Positive linear relationship among fungal and bacterial taxa that incorporated 13C into their cells during a 13CO2 plant labelling experiment in sand-filled ingrowth bags in a grassland soil identified through network analysis with R2 ≥ 0.65. Each dot represents the centered-log-ratio transformed abundance of the OTU/ASV found within a DNA fraction (see “Methods” section). While the fungi and bacteria presented were detected in all labeled samples, their relative abundance varied greatly across different ingrowth bags as well as fractions (Supplemental Fig. S4), resulting in clustering of the plotted values. Both axes are the centered-log-ratio transformed abundance of the specified fungi and bacteria. The colored area represents the relationship between fungi and bacteria predicted by the model. The R2 value of the fitted model for each fungal-bacterial link is shown in each panel
Discussion
Ingrowth bags focus fungal-bacterial interactions
The ingrowth bags were effective in trapping soil fungi [42, 43], and although challenging, we were able to detect and identify 13C enriched hyphosphere bacteria with this method. Different from plant-associated soil compartments (e.g., rhizosphere), in which microbes directly incorporate plant metabolites, the ingrowth bag system experiences a dilution of isotopic signals where 13C from a pulse label is released by plant roots, consumed by rhizosphere fungi that extend beyond the rhizosphere into the ingrowth bags, and finally into the hyphosphere where they are assimilated by associated bacteria. This resulted in a system with low biomass and low overall 13C-enrichment compared to the rhizosphere. Although the difference between the average DNA density in 12C and 13C samples was small (indicated by the small separation between DNA density curves in Supplemental Fig. S3), the EAF values are within previously reported ranges in the hyphosphere [10, 11]. This shift in density was enough for us to detect the taxon-specific enrichment of 13C signal in both fungi (39 OTUs) and bacteria (214 ASVs; Fig. 1). However, the number of bacteria that significantly incorporated 13C (54 ASVs with lower confidence intervals greater than 0% 13C EAF) was several times lower than previous studies on soil incubated with glucose [9], incorporated maize residues [44], and hyphosphere grassland soils [10, 11]. Notably, the majority of the highly 13C-enriched bacterial genera that entered the ingrowth bags are motile (Fig. 2), consistent with the idea that they followed the “fungal highway” into the ingrowth bags. Since the bags were filled with nutrient-depleted quartz sand, the bacteria likely obtained nutrients through assimilation of hyphal exudates [12] or predate directly on the hyphae [13], leading to 13C enrichment in their DNA. We cannot rule out the possibility that the bacteria could have also assimilated mobile nutrients that diffused passively into the bags, which is a limitation of the ingrowth bag method, but also reflects the difficulty of studying microbial interactions in the soil. Together, we found that although challenging, ingrowth bags are an environment that minimizes the complexity within the soil and thus are an advantageous system to study soil fungi, the bacteria that associate with them, as well as C dynamics in fungal-bacterial interactions in situ.

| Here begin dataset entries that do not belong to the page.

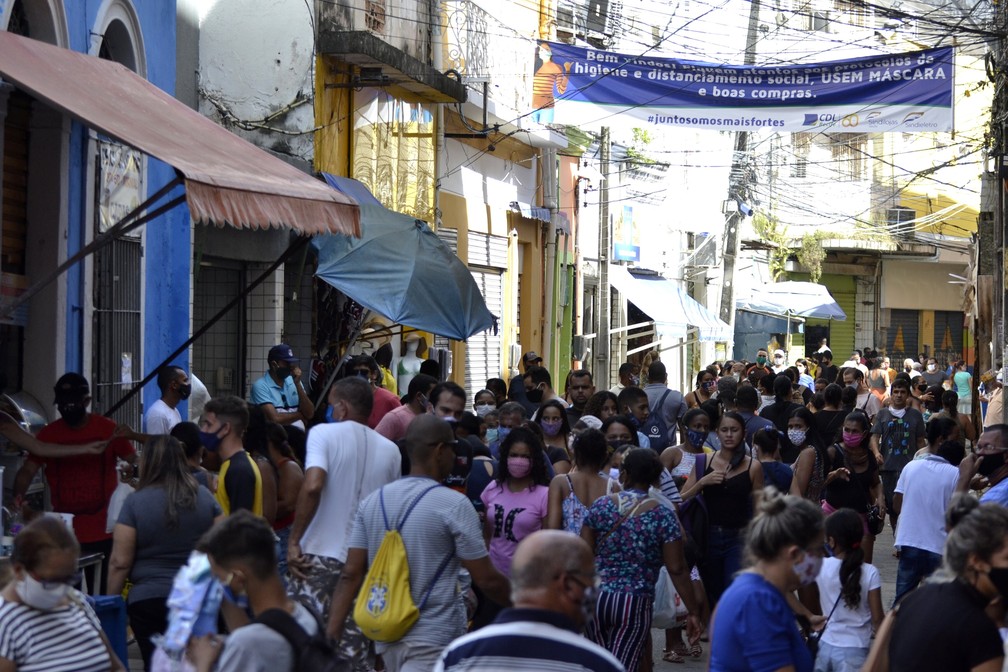 20 de junho - Movimentação de pessoas no comércio de rua em Recife, Pernambuco, na tarde deste sábado (20) — Foto: Lidianne Andrade/Myphoto Press/Estadão Conteúdo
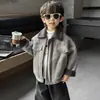 Jaqueta com Capuz Estilo Coreano para Meninos 2026 Outono/Inverno Nova Jaqueta Estilo Coreano Acolchoada Quente com Gola de Pele Jaqueta de Couro Cor Café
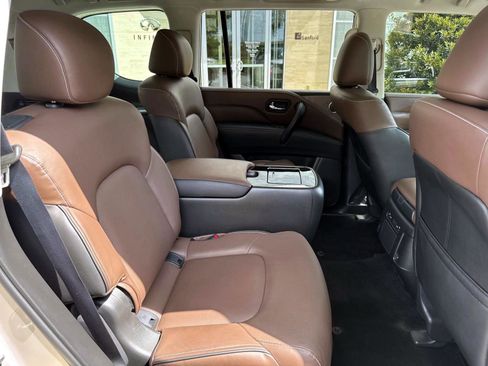 Used 2023 INFINITI QX80 Premium Select w/ Cargo Package image 18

Within the isolated ingrowth bag system, we found saprotrophic fungi to be highly 13C-enriched. Saprotrophic fungi are pivotal decomposers in terrestrial ecosystems, catalyzing the conversion of complex organic compounds to more simple organic compounds, which are then available as either mycelium or hyphal exudates that can be consumed by bacteria. Indeed, it has been shown that fungal-bacterial interactions related to C acquisition occur by the utilization of fungal-released compounds by bacteria associated with hyphae [12] or through competitive interactions with the molecules liberated by fungi at the hyphal tips [45, 46]. Here, we found a small subset of fungi such as Aspergillus and Coprinus, that had significantly incorporated 13C into their cells (Fig. 2). In contrast, we also found saprotrophic fungi that were not enriched in 13C. These were litter and wood saprotrophs of the genera Mycoarthris, Chaetomium, Bjerkandera, Xylodon, among others. The ability of some fungi to assimilate 13C suggests their ability, and perhaps preference, to consume root exudates rather than the more difficult to decompose plant polymers or stabilized soil organic matter. While this experiment cannot directly show the hyphosphere effect of litter or wood decomposing fungi, it is possible that they can effectively distribute and make available plant-derived C across soil compartments [47, 48].
As with saprotrophic fungi, we found biotrophic fungi, including plant pathogenic fungi like Fusarium and Aureobasidium, and animal parasite like Ijuhya highly 13C-enriched (Fig. 2). Their direct connection to plant roots (or animals that graze directly on plant roots) provides a direct pathway for 13C to travel into the soil. It should be noted that these fungi can also have a saprotrophic lifestyle, therefore they may also distribute C through the saprotrophic pathway. Similarly, arbuscular mycorrhizal fungi (AMF) also have direct connections to plant C. While we found that 194 AMF OTUs did enter the ingrowth bags with low relative abundance (Supplemental Fig. S5), they were not detected as labeled taxa, perhaps due to their low GC DNA content [49, 50] that did not separate out well during the isotope fractionation. Therefore, we cannot rule out the fact that AMF, which are often highly labeled according to NanoSIMS measurements, can transfer a sizable pool of 13C into the hyphosphere (Kakouridis et al. 2024), and that the 13C enriched bacteria here may have also consumed 13C from mycorrhizal fungi. While it has been a significant challenge to associate fungal-bacterial occurrence patterns to soil ecosystem functions [51], the patterns of saprotrophic and biotrophic fungi supporting associated bacteria reinforce the concept of bacterial nutrients exchange with fungi in adverse and nutrient-poor environments [52]. We propose that although these different fungal trophic guilds initially acquire plant C through different pathways, ultimately, they distribute and release plant-derived C beyond the rhizosphere through interactions with the hyphosphere microbiome.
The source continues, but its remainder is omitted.